** Study material follows **

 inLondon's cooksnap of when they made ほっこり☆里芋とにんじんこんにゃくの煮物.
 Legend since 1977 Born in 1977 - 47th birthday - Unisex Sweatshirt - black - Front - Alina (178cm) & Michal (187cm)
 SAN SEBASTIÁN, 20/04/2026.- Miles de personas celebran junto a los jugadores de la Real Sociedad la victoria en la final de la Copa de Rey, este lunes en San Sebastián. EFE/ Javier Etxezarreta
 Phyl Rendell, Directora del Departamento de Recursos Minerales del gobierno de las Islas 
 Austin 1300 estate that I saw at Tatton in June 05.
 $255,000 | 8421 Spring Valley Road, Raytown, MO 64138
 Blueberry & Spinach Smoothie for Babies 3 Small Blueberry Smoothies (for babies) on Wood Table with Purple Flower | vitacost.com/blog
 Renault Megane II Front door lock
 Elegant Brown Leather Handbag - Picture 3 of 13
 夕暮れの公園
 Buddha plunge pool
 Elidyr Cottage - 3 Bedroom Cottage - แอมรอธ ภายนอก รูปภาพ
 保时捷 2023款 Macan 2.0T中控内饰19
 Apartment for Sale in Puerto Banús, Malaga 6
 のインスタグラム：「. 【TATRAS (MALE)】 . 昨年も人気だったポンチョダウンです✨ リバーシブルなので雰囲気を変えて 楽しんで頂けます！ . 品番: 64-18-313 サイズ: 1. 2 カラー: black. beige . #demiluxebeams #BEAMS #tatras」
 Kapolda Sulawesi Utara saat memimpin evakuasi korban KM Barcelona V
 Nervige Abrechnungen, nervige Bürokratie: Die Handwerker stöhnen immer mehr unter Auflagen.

** End of Study material **

**Your task**
Reproduce exactly the first line of the listing and every line after it, through the one containing "Buddha plunge pool". Nothing else belongs in the output.

**Exercise output**
 inLondon's cooksnap of when they made ほっこり☆里芋とにんじんこんにゃくの煮物.
 Legend since 1977 Born in 1977 - 47th birthday - Unisex Sweatshirt - black - Front - Alina (178cm) & Michal (187cm)
 SAN SEBASTIÁN, 20/04/2026.- Miles de personas celebran junto a los jugadores de la Real Sociedad la victoria en la final de la Copa de Rey, este lunes en San Sebastián. EFE/ Javier Etxezarreta
 Phyl Rendell, Directora del Departamento de Recursos Minerales del gobierno de las Islas 
 Austin 1300 estate that I saw at Tatton in June 05.
 $255,000 | 8421 Spring Valley Road, Raytown, MO 64138
 Blueberry & Spinach Smoothie for Babies 3 Small Blueberry Smoothies (for babies) on Wood Table with Purple Flower | vitacost.com/blog
 Renault Megane II Front door lock
 Elegant Brown Leather Handbag - Picture 3 of 13
 夕暮れの公園
 Buddha plunge pool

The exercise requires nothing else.